Exposition personnelle
LUX - SCÈNE NATIONALE DE VALENCE
Avec « Bleu », Patrick Laffont-DeLojo invite le visiteur à une errance contemplative entre les vides du monde, au coeur de sa chair. Proche du milieu des arts vivants, le plasticien mobilise ici son sens de la dramaturgie pour organiser la libre circulation des visiteurs dans un lieu repensé comme un espace scénique. Une installation immersive s’y articule à plusieurs séries photographiques pour constituer un théâtre de la présence, où la matérialité concrète est aussi importante que les interprétations symboliques qu’elle suscite. Le titre de l’exposition évoque une des couleurs de la trichromie primaire pour signaler le principe de réduction qui y est à l’oeuvre. Patrick Laffont-DeLojo fait en effet retour à un certain degré zéro de l’image vidéo, du paysage et du corps pour mieux inciter les visiteurs à s’approprier les œuvres. Son esthétique minimaliste sollicite en ce sens un regard qui devient toucher, par lequel même les formes les plus abstraites deviennent matières à sentir. Le bleu renvoie alors, dans un second temps, aux images du ciel et de la mer qui font de l’espace d’exposition une hétérotopie à part entière, un lieu ordinaire transformé par l’imaginaire qui le recouvre.

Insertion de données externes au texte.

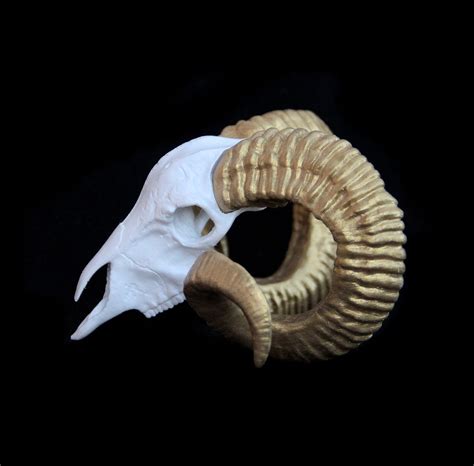 Ram Skull Horn White And Gold Antler Goat Skull Animal Etsy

L’installation « Bleu U », déployée sur deux étages, propose une plongée dans une lumière bleue douce et enveloppante, offrant l’occasion d’un bain aussi céleste qu’abyssal. Devant beaucoup aux expérimentations de Peter Campus ou de Bruce Nauman, elle est équipée d’un système de capteurs et de diffusion vidéo qui enregistre en direct les silhouettes des visiteurs et les retransmet à un autre niveau, créant des effets d’ubiquité qui renforcent sa dimension onirique.
Le second corpus d’oeuvres présentées articule des séries photographiques qui bien qu’ancrées dans le concret reposent néanmoins sur un même principe de neutralisation. Emancipée des mécanismes d’identification habituels, elles décrivent des corps désarticulés au point de devenir masse informe, des détails organiques en gros plan ou des paysages plongés dans une atmosphère incertaine.
Placée entre images concrètes et concrétions imaginaires, « Bleu » jette un trouble dans la perception ordinaire pour mieux stimuler les rêveries individuelles du public. Patrick Laffont-DeLojo donne ici corps à une poésie brute où la sensibilité, sans prise véritable sur la matière, apprend alors à se réinventer.